■ **What this task involves**: So that the copy stays text only, transcribe the data below exactly and exclude the images.

■ **Recorded data**:
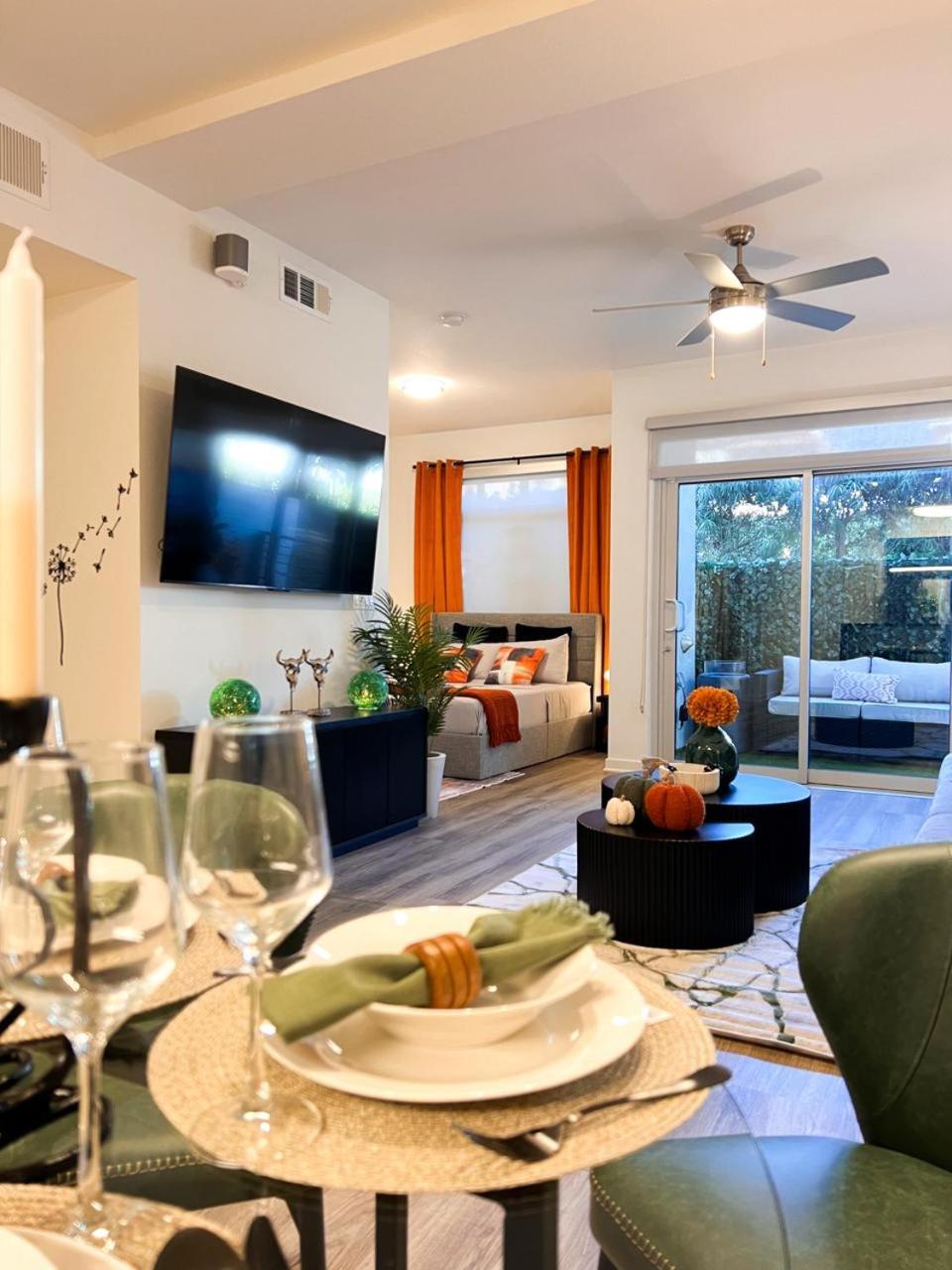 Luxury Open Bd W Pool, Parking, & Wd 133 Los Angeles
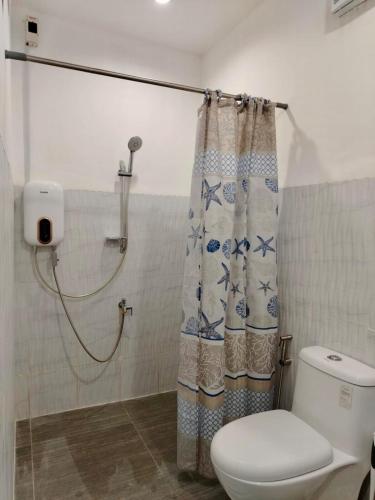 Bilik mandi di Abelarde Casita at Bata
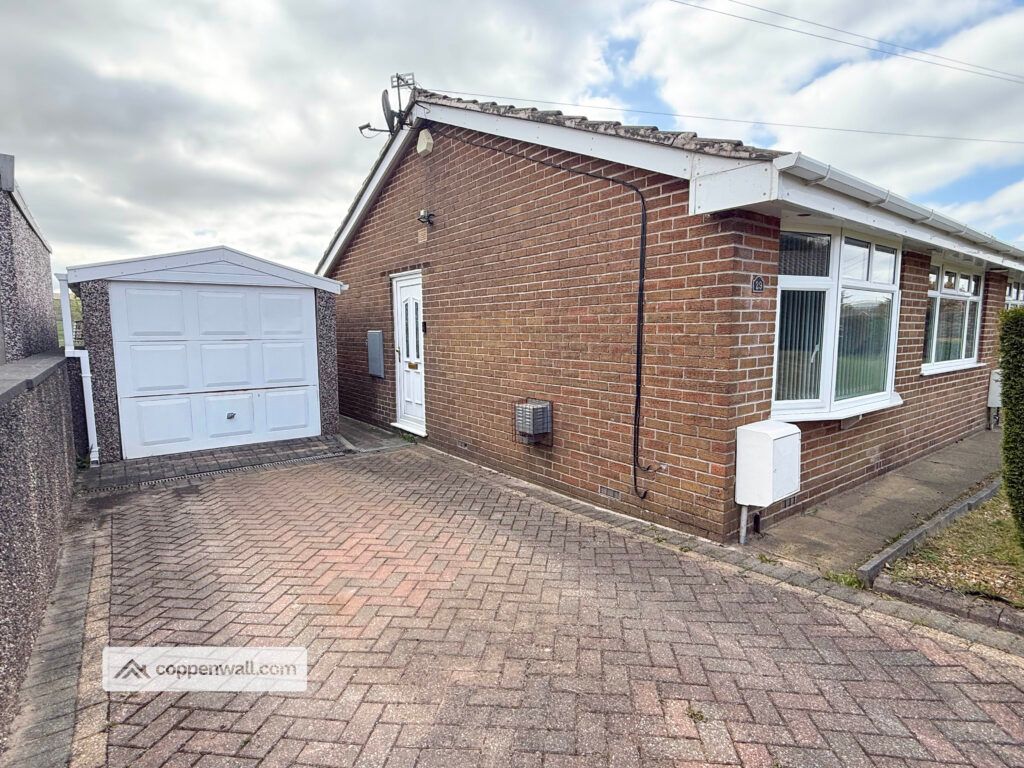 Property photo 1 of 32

■ **Solution for this problem**:
 Luxury Open Bd W Pool, Parking, & Wd 133 Los Angeles
 Bilik mandi di Abelarde Casita at Bata
 Property photo 1 of 32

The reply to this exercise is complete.